Chapter 7 Summary: “The Book of Yesterday”

Emily is excited that New Moon has many interesting and beautiful aspects, and her first days there are full of exploration. She likes walking through the orchards and watching Jimmy and Laura skim the milk after milking the cows.


Elizabeth gives Emily the job of bringing the cows out to pasture and closing the gate behind them. She is a little scared of the cows the first time she does this but soon realizes that they are gentle and compliant creatures. She notices several old houses near the pasture and wonders who lives there.


Later, she finds Jimmy, and he shows her his garden. He explains that the garden is the only thing not controlled by Elizabeth; she let him have it to make up for pushing him down a well when they were children. This injury is said to have caused Jimmy to be “not quite right” in the head, but he insists that he is fine and that people think something is wrong with him just because he writes poetry and doesn’t worry too much about anything. He tells her that a spell on the garden protects it from droughts, blights, and worms, which spooks Emily a little. He tells her he better get back to work, or Elizabeth will give him the “Murray look.” Emily’s not sure if she has seen that, but Jimmy tells her she’ll know it when she sees it.


The next day, Sunday, Jimmy tells Emily more stories because “Sunday’s lazy day at New Moon” (69). He tells her about the giant diamond that one of her ancestors lost somewhere on the farm grounds and shows her the graveyard, where he “opens the book of yesterday” (70) by telling her all about the Murrays buried there. He tells her that the graveyard only has space for him, Elizabeth, and Laura, but Emily doesn’t mind; she wants to be buried in Charlottetown with her parents.

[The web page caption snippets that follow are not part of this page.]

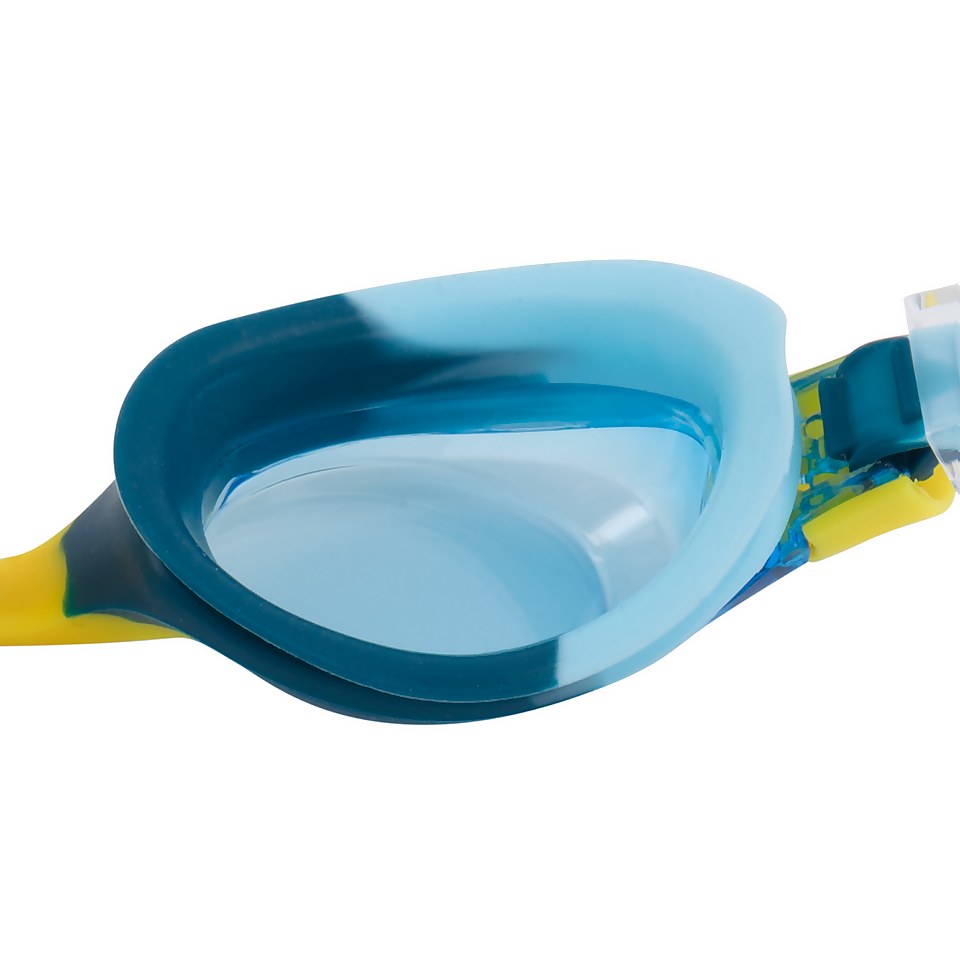 Kid's Skoogles Blue
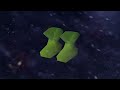 Beginning of video
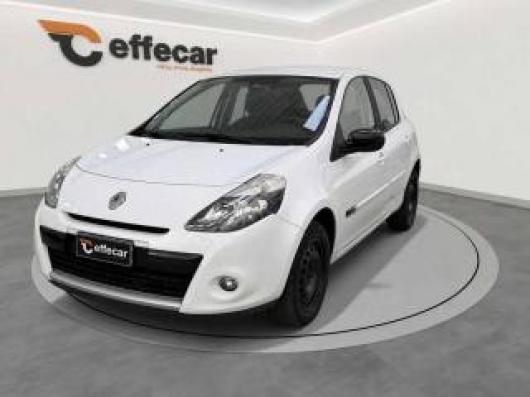 usato RENAULT Clio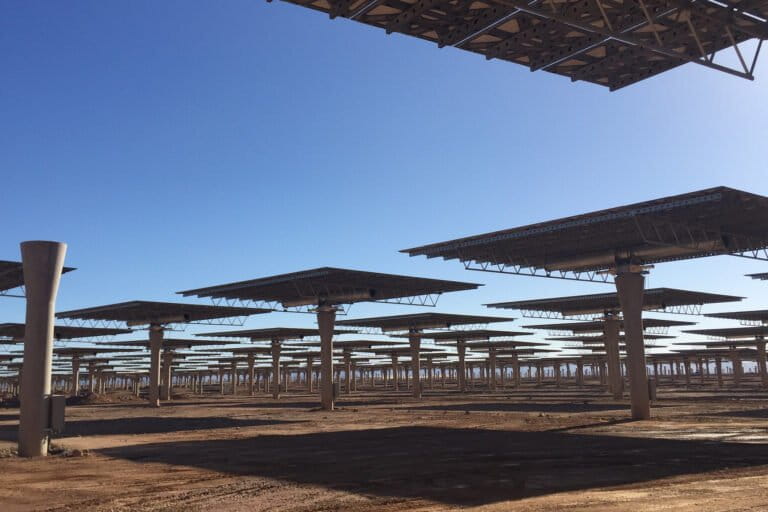 African leaders issue urgent call for renewable energy revolution ahead of global climate summit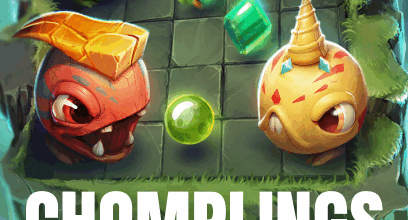 Chomplings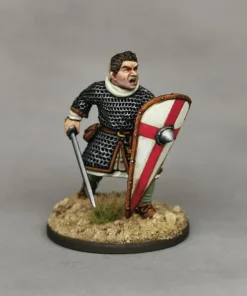 Norman Infantry - Image 15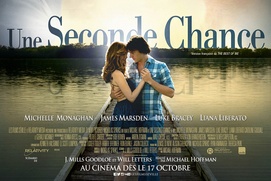 Affiche du film Une seconde chance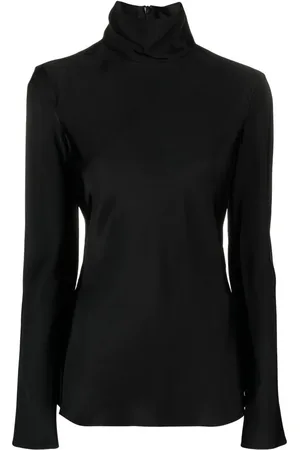 Jil Sander Rollneck long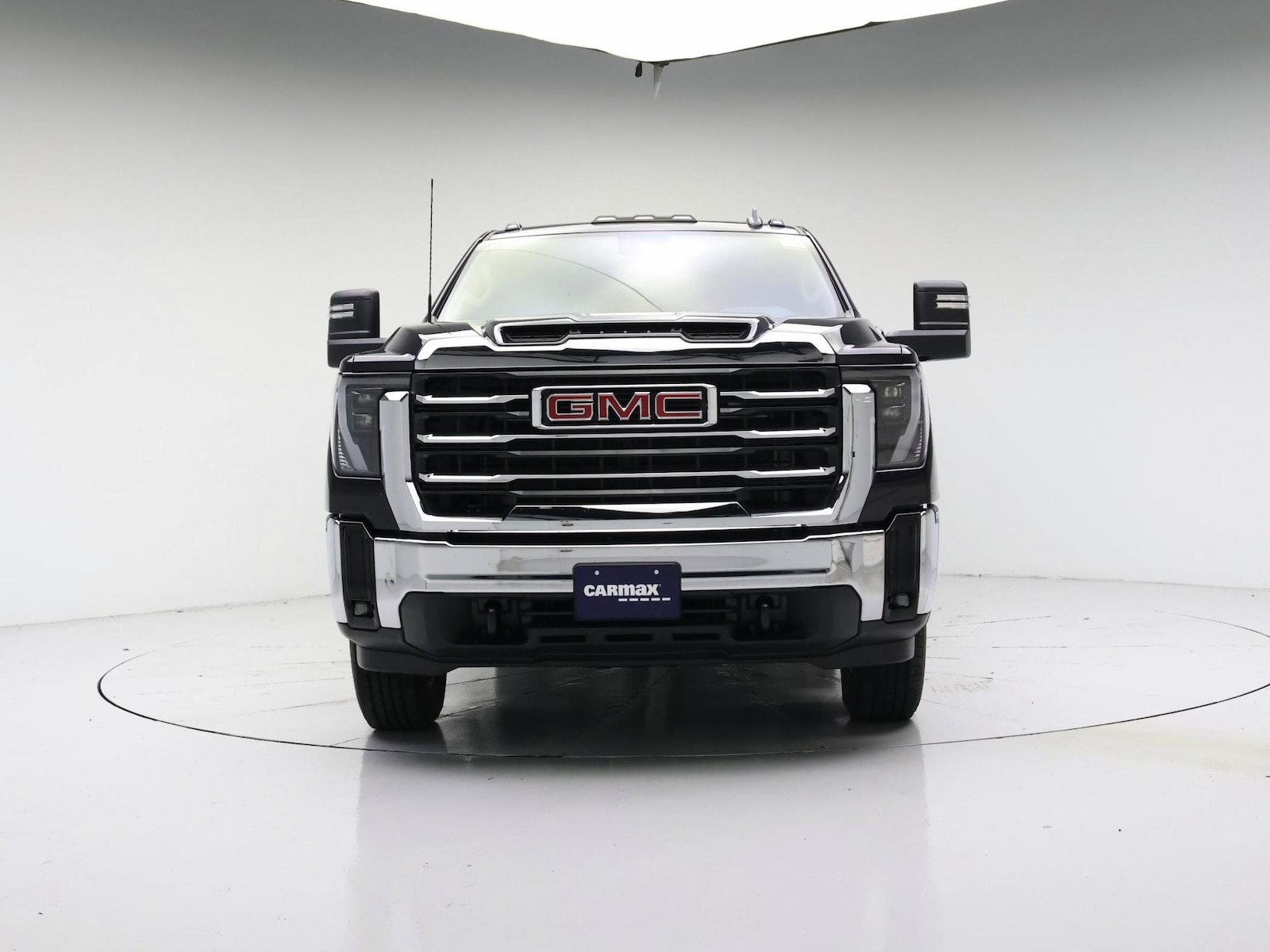 2025 GMC Sierra 2500HD SLE - Photo 6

Jimmy then tells Emily about the “disappointed” house that Emily saw yesterday: Fred Clifford built it years ago, but he stopped when his fiancée jilted him. He moved away and got married but never touched or sold the house. He also tells Emily about the Burnleys, who live nearby in a big gray house. Dr. Burnley lives with his daughter, Ilse, and the people of the town call them infidels because they do not believe in God.


Jimmy’s stories have made Emily curious to meet the infidels and determined to find the lost diamond.

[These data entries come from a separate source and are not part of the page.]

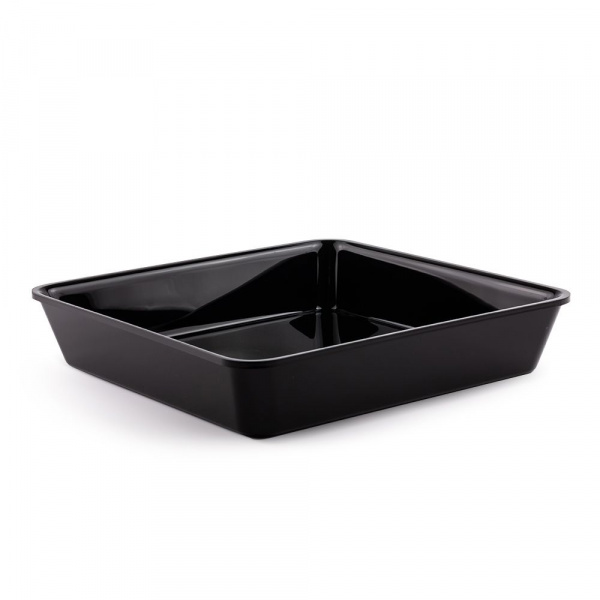Гастроемкость 280x280X(h)50 мм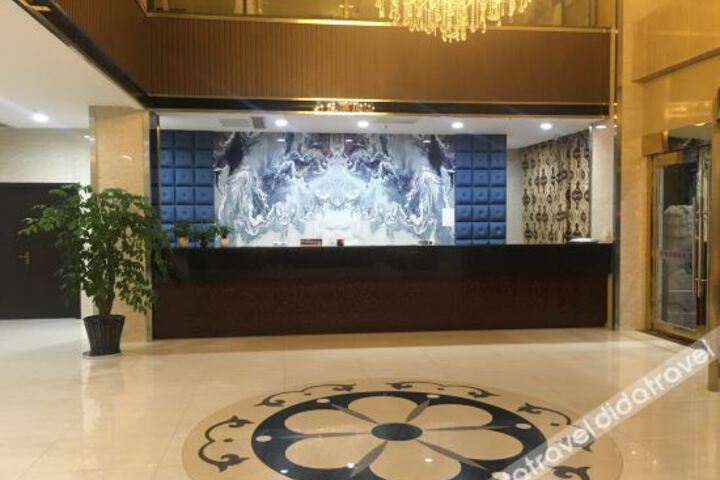 Hotel Interior 2 of 3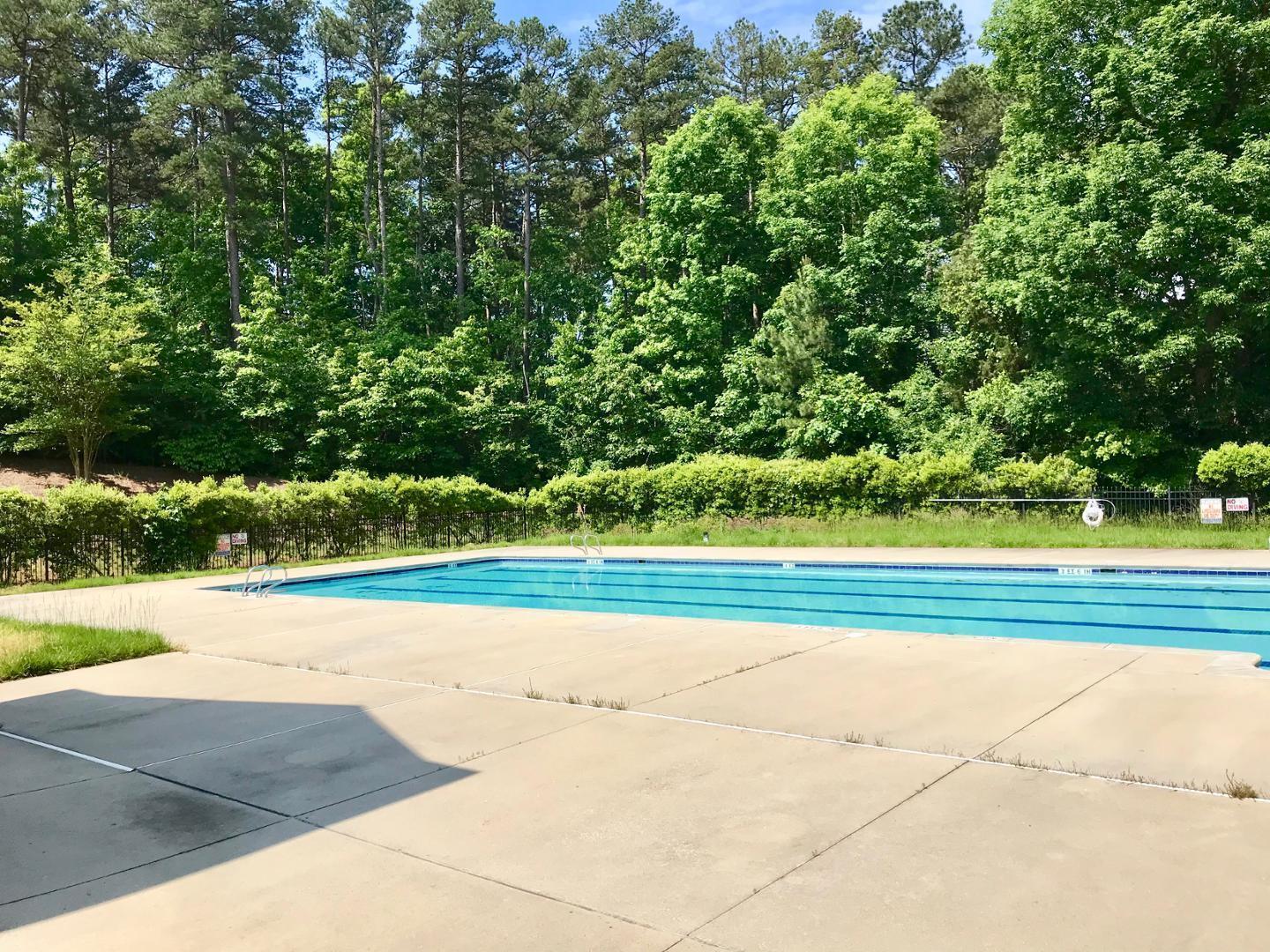 301 Intern Way Durham, NC 27713 - Photo 25 of 30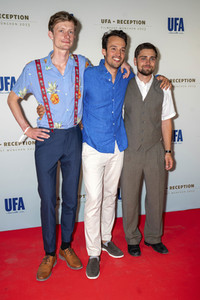UFA Reception, Filmfest München 2023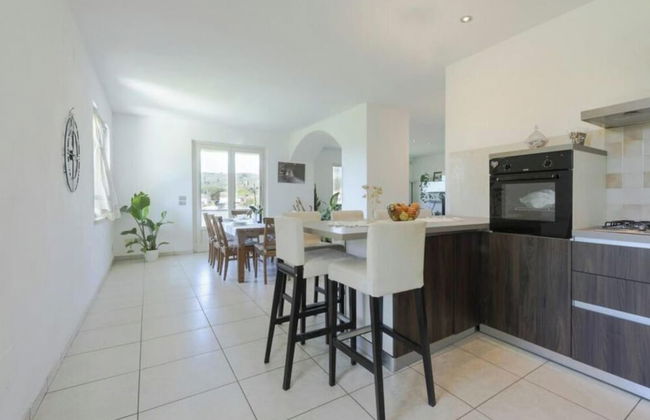 Villa Mia Comfortable Holiday Residence - Foto 9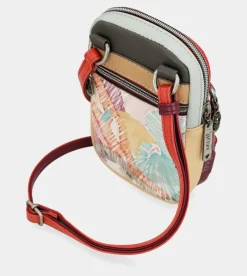 Anekke Fashion Mini Crossbody Bag Online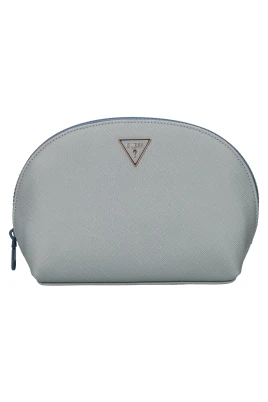 Saffiano Beauty Case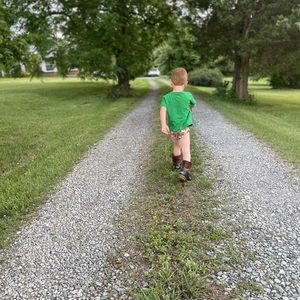 Meet your Posher, Beth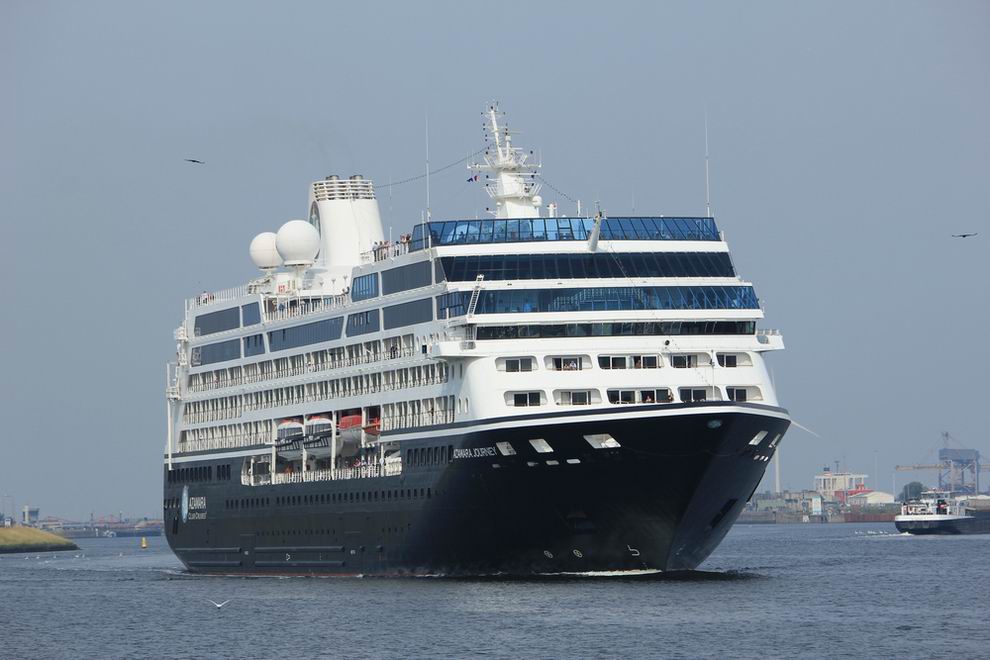 Azamara Cruises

Chapter 8 Summary: “Trial by Fire”

Emily starts school and hates it immediately. Elizabeth makes her wear an old apron with sleeves and an ugly sunbonnet, and Emily is angry before she even gets to the school. Her teacher, Miss Brownell, is condescending and cruel to the students, ridiculing them if they make a mistake. The other girls in Emily’s class are unfriendly and stare at her rudely. They even put a snake inside a small box, and one of the girls, Rhoda, gives it to her as a “gift.” Another girl, Ilse Burnley, stands up for Emily and threatens the girls with all kinds of violent consequences if they bother her again. She tells Emily that they are just jealous of her.


Later, Rhoda tells Emily she is sorry and didn’t know a snake was inside the box. Rhoda tells her that her family is descended from Scottish kings and that they should be friends. She flatters Emily by telling her how pretty she is and that the Murrays are a distinguished family. She promises to invite Emily to her birthday party that is coming up, but she won’t invite Ilse Burnley because she is a tomboy and an atheist. Rhoda likes to gossip and tell Emily all about the families of the other students in their class.


Emily starts to feel better about school now that she has a friend. She asks her aunts why Ilse Burnley and her father don’t believe in God, and a man visiting them replies, “Because of the trick her mother played on him” (87). Emily doesn’t know what that means, but she pretends she does; she understands that she should not talk about Ilse’s mother.

Chapter 9 Summary: “A Special Providence”

After a few days of school, Emily finds that she does like it after all, even though she never does warm up to Miss Brownell. The other girls accept her, and she and Rhoda become close friends. Ilse, the girl who defended Emily from the others on the first day, did not come back, and Emily is curious about who she is and where she went.


Emily is also starting to feel at home at New Moon, though Elizabeth is still stern and distant, and she still misses her father. Another thing she misses is the yellow notebook that she threw in the fire to keep Elizabeth from reading it. There is not a lot of paper at New Moon and while she does write a little on her slate at school, she always must erase it. She wants to write to her father when someone has wronged her or she has experienced trouble in school. Once, when Miss Brownell is reading Bugle Song to some older students, Emily listens and is so overcome by a beautiful line of poetry that she interrupts and asks the teacher to read it again. Miss Brownell is annoyed and tells Emily to be quiet and mind her own business, which humiliates her.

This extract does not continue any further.